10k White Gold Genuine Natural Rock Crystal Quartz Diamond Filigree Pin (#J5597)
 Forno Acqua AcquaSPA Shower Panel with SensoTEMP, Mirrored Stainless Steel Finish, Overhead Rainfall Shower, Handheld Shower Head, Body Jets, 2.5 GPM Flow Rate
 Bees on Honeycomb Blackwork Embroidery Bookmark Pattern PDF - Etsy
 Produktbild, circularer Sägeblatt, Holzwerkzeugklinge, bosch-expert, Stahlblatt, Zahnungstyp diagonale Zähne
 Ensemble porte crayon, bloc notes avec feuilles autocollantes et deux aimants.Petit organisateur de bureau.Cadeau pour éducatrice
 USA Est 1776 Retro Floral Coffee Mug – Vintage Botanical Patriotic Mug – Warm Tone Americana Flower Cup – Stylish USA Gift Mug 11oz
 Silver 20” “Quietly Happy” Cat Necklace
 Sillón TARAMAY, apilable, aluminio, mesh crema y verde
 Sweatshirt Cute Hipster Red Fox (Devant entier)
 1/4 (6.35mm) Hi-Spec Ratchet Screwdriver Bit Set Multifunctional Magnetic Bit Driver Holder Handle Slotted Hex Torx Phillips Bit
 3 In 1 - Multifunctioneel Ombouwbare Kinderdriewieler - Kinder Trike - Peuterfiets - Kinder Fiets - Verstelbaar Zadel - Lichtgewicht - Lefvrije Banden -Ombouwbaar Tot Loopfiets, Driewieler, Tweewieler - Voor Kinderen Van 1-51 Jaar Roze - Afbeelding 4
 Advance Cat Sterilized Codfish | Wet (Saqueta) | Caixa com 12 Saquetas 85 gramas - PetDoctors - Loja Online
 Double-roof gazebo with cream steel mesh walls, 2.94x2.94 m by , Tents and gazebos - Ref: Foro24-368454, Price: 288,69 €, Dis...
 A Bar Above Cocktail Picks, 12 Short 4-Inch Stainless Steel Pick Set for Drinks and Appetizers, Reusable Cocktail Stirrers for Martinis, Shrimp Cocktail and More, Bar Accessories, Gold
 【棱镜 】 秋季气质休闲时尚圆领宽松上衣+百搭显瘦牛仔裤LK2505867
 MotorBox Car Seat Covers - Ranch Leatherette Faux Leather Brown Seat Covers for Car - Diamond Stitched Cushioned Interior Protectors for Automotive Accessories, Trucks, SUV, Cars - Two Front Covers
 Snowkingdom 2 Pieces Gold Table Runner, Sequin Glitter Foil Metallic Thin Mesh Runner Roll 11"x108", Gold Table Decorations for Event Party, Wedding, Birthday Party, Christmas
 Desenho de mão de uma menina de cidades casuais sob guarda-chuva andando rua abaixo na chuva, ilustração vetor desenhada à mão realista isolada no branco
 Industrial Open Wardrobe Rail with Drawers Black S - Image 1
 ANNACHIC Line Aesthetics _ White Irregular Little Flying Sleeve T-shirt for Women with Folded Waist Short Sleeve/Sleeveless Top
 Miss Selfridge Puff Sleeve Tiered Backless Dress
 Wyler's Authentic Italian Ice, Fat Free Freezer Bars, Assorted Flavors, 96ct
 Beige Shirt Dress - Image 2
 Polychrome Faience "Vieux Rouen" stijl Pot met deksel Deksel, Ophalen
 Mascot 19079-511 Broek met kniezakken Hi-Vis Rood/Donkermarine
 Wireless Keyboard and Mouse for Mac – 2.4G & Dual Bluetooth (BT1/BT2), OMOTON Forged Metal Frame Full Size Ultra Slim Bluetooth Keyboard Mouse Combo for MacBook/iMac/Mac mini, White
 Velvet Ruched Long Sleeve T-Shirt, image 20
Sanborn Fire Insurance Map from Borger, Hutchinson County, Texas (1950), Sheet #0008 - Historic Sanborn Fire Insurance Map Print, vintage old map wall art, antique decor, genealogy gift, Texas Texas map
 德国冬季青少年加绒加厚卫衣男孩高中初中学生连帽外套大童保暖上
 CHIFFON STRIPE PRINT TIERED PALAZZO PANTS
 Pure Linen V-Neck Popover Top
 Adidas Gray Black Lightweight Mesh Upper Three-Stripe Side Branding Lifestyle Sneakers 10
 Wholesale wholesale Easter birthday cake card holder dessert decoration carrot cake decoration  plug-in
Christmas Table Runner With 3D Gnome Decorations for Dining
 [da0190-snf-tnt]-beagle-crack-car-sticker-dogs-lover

:::

YOUR OBJECTIVE:
Once you have read the records above, write them all out exactly.

ANSWER TO THIS EXERCISE:
10k White Gold Genuine Natural Rock Crystal Quartz Diamond Filigree Pin (#J5597)
 Forno Acqua AcquaSPA Shower Panel with SensoTEMP, Mirrored Stainless Steel Finish, Overhead Rainfall Shower, Handheld Shower Head, Body Jets, 2.5 GPM Flow Rate
 Bees on Honeycomb Blackwork Embroidery Bookmark Pattern PDF - Etsy
 Produktbild, circularer Sägeblatt, Holzwerkzeugklinge, bosch-expert, Stahlblatt, Zahnungstyp diagonale Zähne
 Ensemble porte crayon, bloc notes avec feuilles autocollantes et deux aimants.Petit organisateur de bureau.Cadeau pour éducatrice
 USA Est 1776 Retro Floral Coffee Mug – Vintage Botanical Patriotic Mug – Warm Tone Americana Flower Cup – Stylish USA Gift Mug 11oz
 Silver 20” “Quietly Happy” Cat Necklace
 Sillón TARAMAY, apilable, aluminio, mesh crema y verde
 Sweatshirt Cute Hipster Red Fox (Devant entier)
 1/4 (6.35mm) Hi-Spec Ratchet Screwdriver Bit Set Multifunctional Magnetic Bit Driver Holder Handle Slotted Hex Torx Phillips Bit
 3 In 1 - Multifunctioneel Ombouwbare Kinderdriewieler - Kinder Trike - Peuterfiets - Kinder Fiets - Verstelbaar Zadel - Lichtgewicht - Lefvrije Banden -Ombouwbaar Tot Loopfiets, Driewieler, Tweewieler - Voor Kinderen Van 1-51 Jaar Roze - Afbeelding 4
 Advance Cat Sterilized Codfish | Wet (Saqueta) | Caixa com 12 Saquetas 85 gramas - PetDoctors - Loja Online
 Double-roof gazebo with cream steel mesh walls, 2.94x2.94 m by , Tents and gazebos - Ref: Foro24-368454, Price: 288,69 €, Dis...
 A Bar Above Cocktail Picks, 12 Short 4-Inch Stainless Steel Pick Set for Drinks and Appetizers, Reusable Cocktail Stirrers for Martinis, Shrimp Cocktail and More, Bar Accessories, Gold
 【棱镜 】 秋季气质休闲时尚圆领宽松上衣+百搭显瘦牛仔裤LK2505867
 MotorBox Car Seat Covers - Ranch Leatherette Faux Leather Brown Seat Covers for Car - Diamond Stitched Cushioned Interior Protectors for Automotive Accessories, Trucks, SUV, Cars - Two Front Covers
 Snowkingdom 2 Pieces Gold Table Runner, Sequin Glitter Foil Metallic Thin Mesh Runner Roll 11"x108", Gold Table Decorations for Event Party, Wedding, Birthday Party, Christmas
 Desenho de mão de uma menina de cidades casuais sob guarda-chuva andando rua abaixo na chuva, ilustração vetor desenhada à mão realista isolada no branco
 Industrial Open Wardrobe Rail with Drawers Black S - Image 1
 ANNACHIC Line Aesthetics _ White Irregular Little Flying Sleeve T-shirt for Women with Folded Waist Short Sleeve/Sleeveless Top
 Miss Selfridge Puff Sleeve Tiered Backless Dress
 Wyler's Authentic Italian Ice, Fat Free Freezer Bars, Assorted Flavors, 96ct
 Beige Shirt Dress - Image 2
 Polychrome Faience "Vieux Rouen" stijl Pot met deksel Deksel, Ophalen
 Mascot 19079-511 Broek met kniezakken Hi-Vis Rood/Donkermarine
 Wireless Keyboard and Mouse for Mac – 2.4G & Dual Bluetooth (BT1/BT2), OMOTON Forged Metal Frame Full Size Ultra Slim Bluetooth Keyboard Mouse Combo for MacBook/iMac/Mac mini, White
 Velvet Ruched Long Sleeve T-Shirt, image 20
Sanborn Fire Insurance Map from Borger, Hutchinson County, Texas (1950), Sheet #0008 - Historic Sanborn Fire Insurance Map Print, vintage old map wall art, antique decor, genealogy gift, Texas Texas map
 德国冬季青少年加绒加厚卫衣男孩高中初中学生连帽外套大童保暖上
 CHIFFON STRIPE PRINT TIERED PALAZZO PANTS
 Pure Linen V-Neck Popover Top
 Adidas Gray Black Lightweight Mesh Upper Three-Stripe Side Branding Lifestyle Sneakers 10
 Wholesale wholesale Easter birthday cake card holder dessert decoration carrot cake decoration  plug-in
Christmas Table Runner With 3D Gnome Decorations for Dining
 [da0190-snf-tnt]-beagle-crack-car-sticker-dogs-lover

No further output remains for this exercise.